Synopsis: One of the great novels of the twentieth century. Of Human Bondage tells a fascinating tale of sexual obsession. The story follows Philip Carey in his search for freedom from the strict, oppressive Christian upbringing he suffered as an orphan in an English vicarage. Philip sets out on a journey that leads him to Heidelberg and to Paris. But it is back in London that Philip’s enthrallment with Mildred – the slatternly, pale waitress who makes him slave to her desire – awakens him to the world of obsessive love, deep passion, and true self-discovery. The unforgettable love story is as timeless as it is involving, an intimate tale of human relationships that Theodore Dreiser called “a work of genius.”
Pages 51 to 89: The first 10 to 15 pages aimed to point a transitional phase in the school which Philip attends. I was less interested in the way the school became more religious, and more intrigued by what Philip goes through during that phase which lasts a few years of his life.
Philip meets a new friend; his last name is Rose. And unlike all the other kids who make fun of Philip and his birth defect, Rose likes Philip. Without going into much details and spoiling the story, let me just say that I found myself in the pages I reference.
We have all experienced loneliness, and all of us cling to that one thing or person who makes us feel less lonely; hence, driving that person away. I love how Somerset describes his protagonist as he makes belief that he’s one of the popular kids, or when he over thinks about Rose’s innocent actions. Loneliness makes us oversensitive, and sometimes it even makes us mean to people as we overcompensate to being needy. The way Somerset describes this conflict of the human soul made me feel like I was back in high school when I was reading.
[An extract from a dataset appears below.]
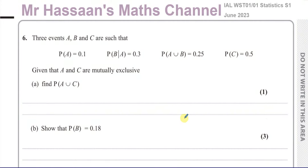Welcome back. This is Mr. Hassan's Maths Channel. I'm now answering question number six from the June 2023 Statistics S1 International A-Level EdExcel paper. This question is all about probability.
There’s another interesting description, which also resonates with me since I live in a strict and orthodox society, which is Philip’s relationship with religion. At first, Phillip’s pristine mind absorbs all the religious knowledge that is thrown at him. He begins to have high expectations from his relationship with God. Philip prays to God to eradicate the disability of his foot, but is met by disappointments. His uncle, however, relates those disappointments to the lack of Philip’s faith, urging Philip pray harder and face further disappointments. Isn’t this the vicious religious cycle we are all faced with?
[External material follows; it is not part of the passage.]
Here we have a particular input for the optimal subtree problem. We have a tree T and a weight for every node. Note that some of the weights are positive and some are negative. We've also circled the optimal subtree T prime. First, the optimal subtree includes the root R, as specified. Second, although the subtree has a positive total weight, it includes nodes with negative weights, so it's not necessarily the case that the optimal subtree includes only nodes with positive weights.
There’s a point when Philip accepts that his defect is a test rather than a curse – a burden given for his broad shoulders to carry. And at the end of those lovely pages, the story takes a beautiful turn by Philip realizing that he doesn’t want the life of a pious man such as the one his uncle leads. He knows that there were far more beautiful things in the world; he read about those things in books, and heard other people’s stories about them. He is determined to live another kind of life.